◆ Action item ◆
What you give back from the listing below should be an exact copy of the lines from the one with "EE. UU. Maduro" down to the one with "Snapshot of zehdolandia", and it should contain no pictures.

◆ Records to process ◆
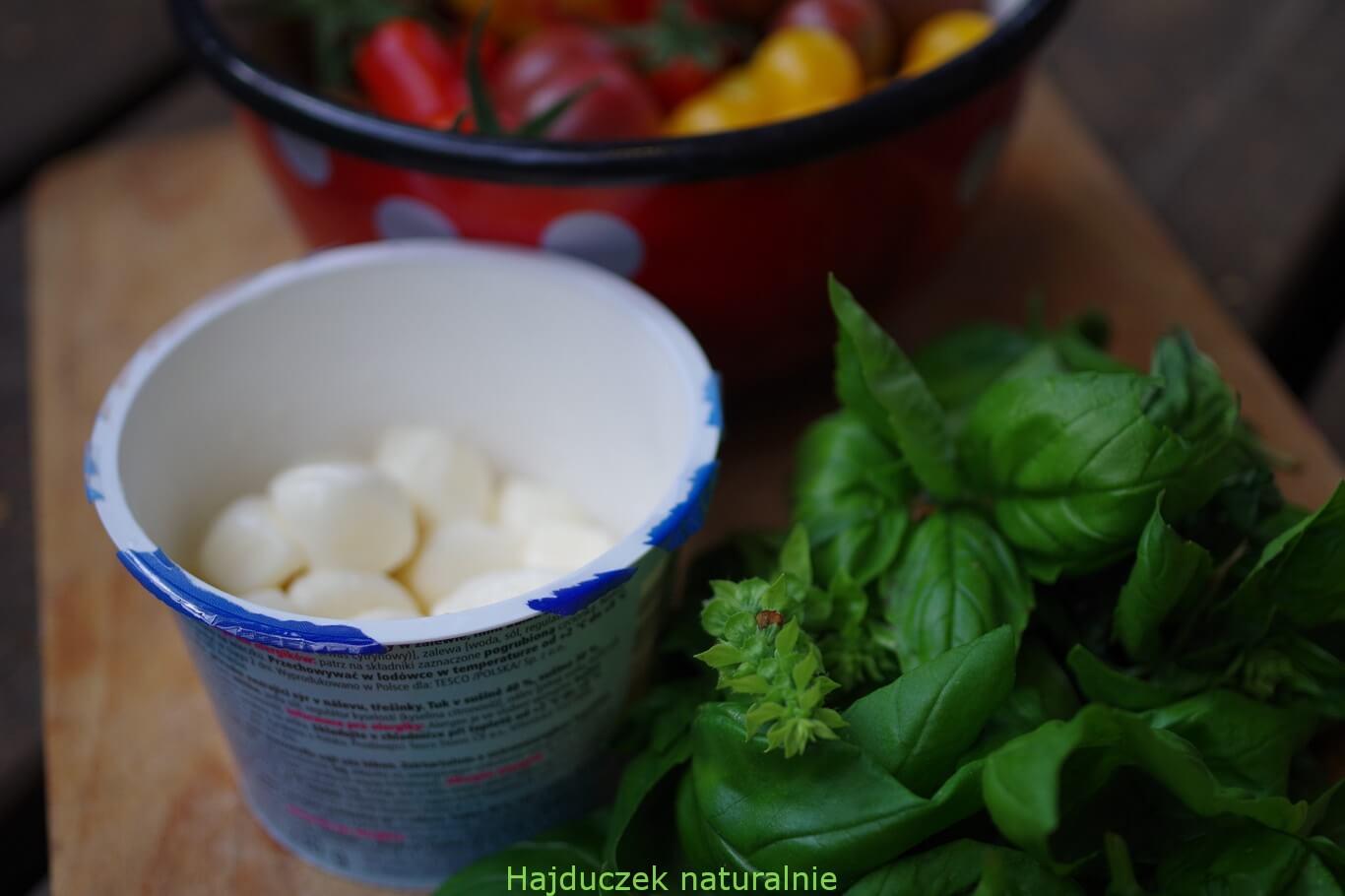 bazylia, mozzarella i pomidorki koktajlowe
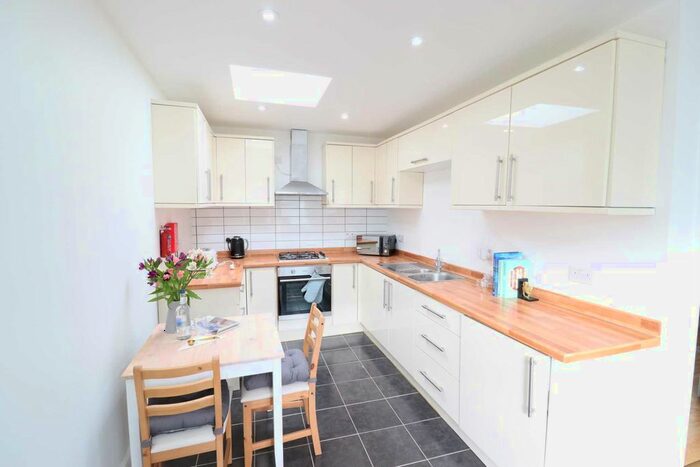 1 Bedroom Flat To Rent In Roberts Road, High Wycombe, HP13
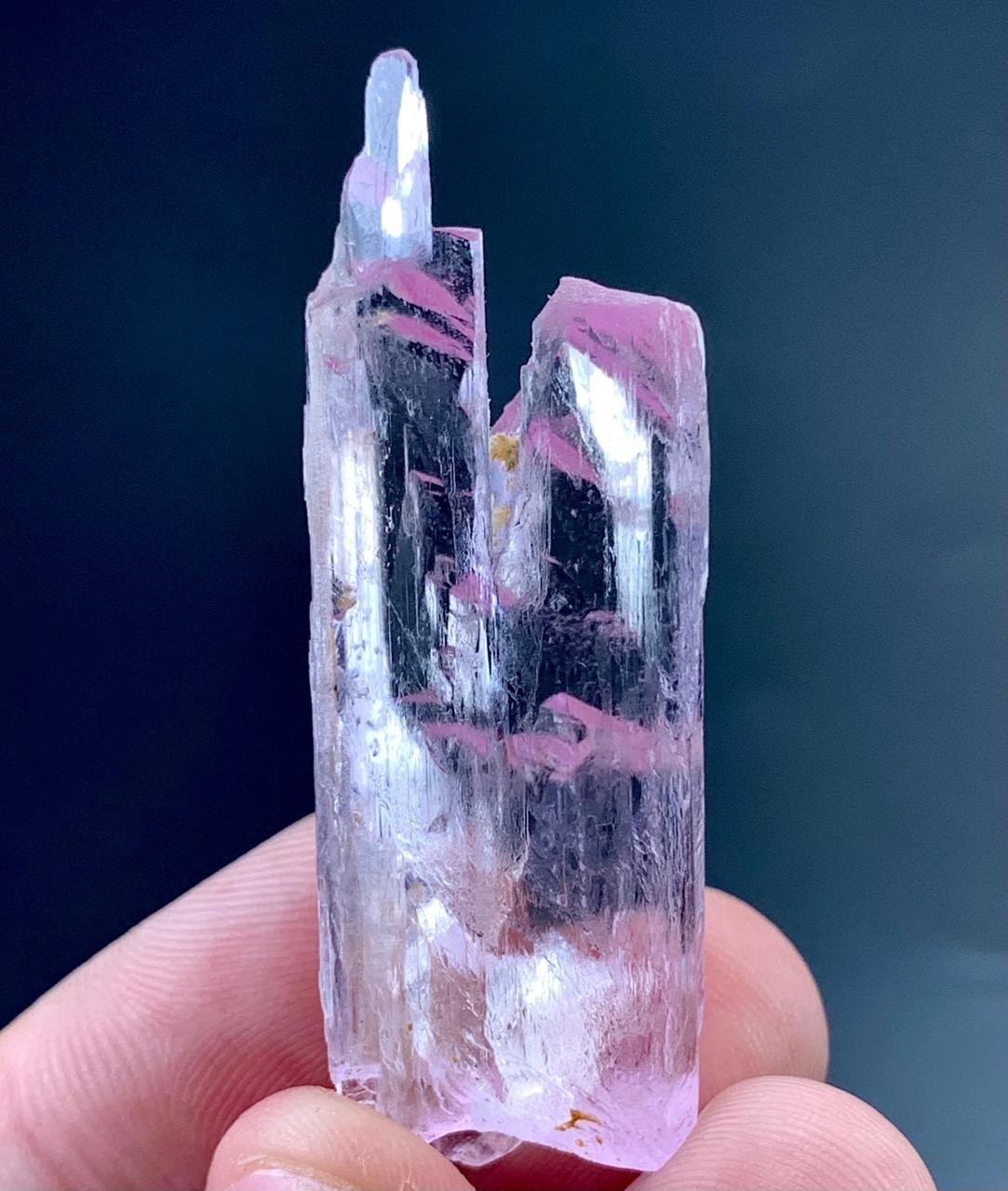 98 Carat Natural pink kunzite Crystal specimen From Afghanistan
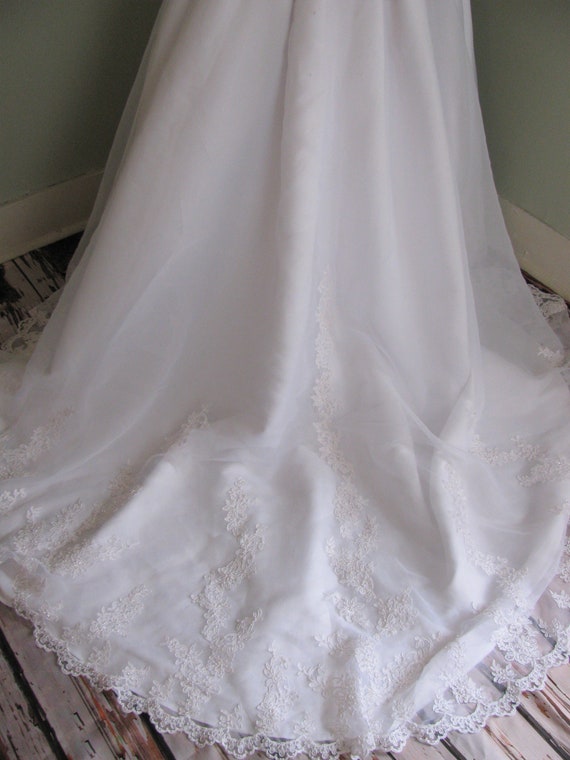 White Satin Wedding Dress, Wedding Dress with Cap… - image 10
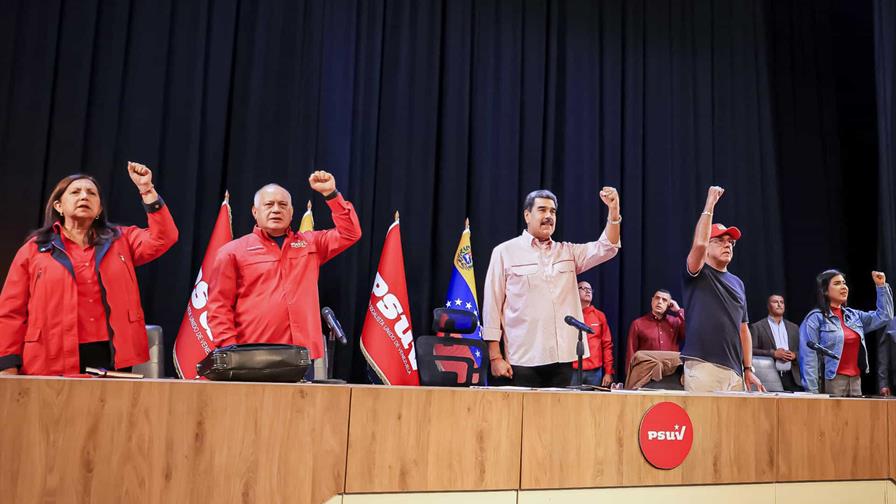 Maduro aprueba propuestas sobre la lucha armada en caso de agresión por parte de EE. UU. Maduro aprueba propuestas sobre la lucha armada en caso de agresión por parte de EE. UU.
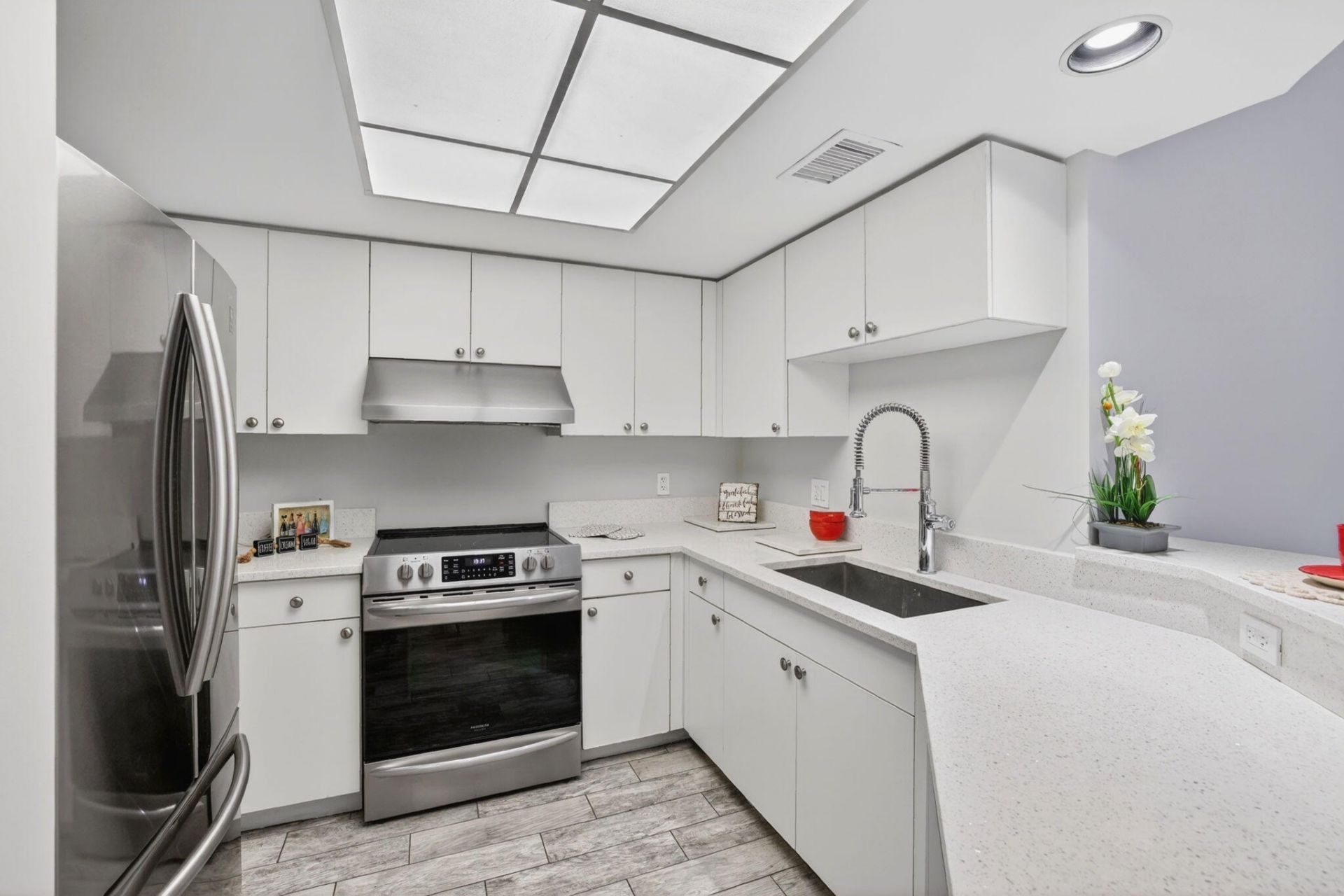 2119 SE 10th Avenue, Unit 910, Fort Lauderdale, FL 33316 Photo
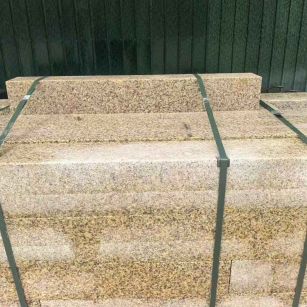 汕尾 黄金麻花岗岩石材机切面栏杆料半成品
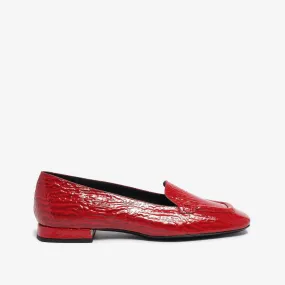 Women's glossy leather loafer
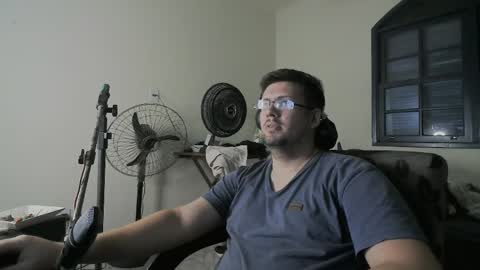 Snapshot of zehdolandia chatting on 04-04-26, 08:17 pervboy online show from 04-04-26, 08:17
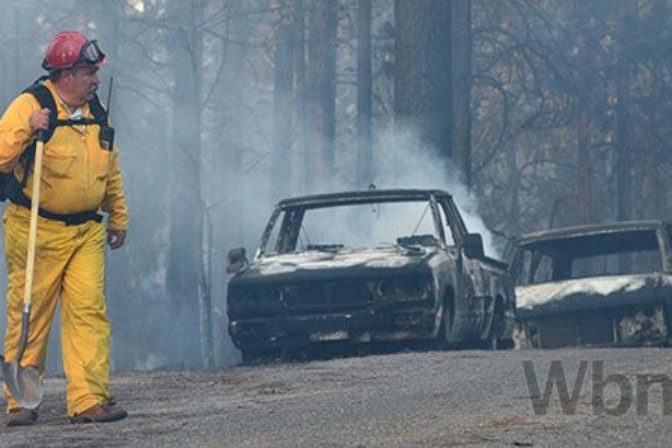 Kaliforniu ničia požiare, ľudia opúšťajú domovy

◆ Response to this task ◆
 Maduro aprueba propuestas sobre la lucha armada en caso de agresión por parte de EE. UU. Maduro aprueba propuestas sobre la lucha armada en caso de agresión por parte de EE. UU.
 2119 SE 10th Avenue, Unit 910, Fort Lauderdale, FL 33316 Photo
 汕尾 黄金麻花岗岩石材机切面栏杆料半成品
 Women's glossy leather loafer
 Snapshot of zehdolandia chatting on 04-04-26, 08:17 pervboy online show from 04-04-26, 08:17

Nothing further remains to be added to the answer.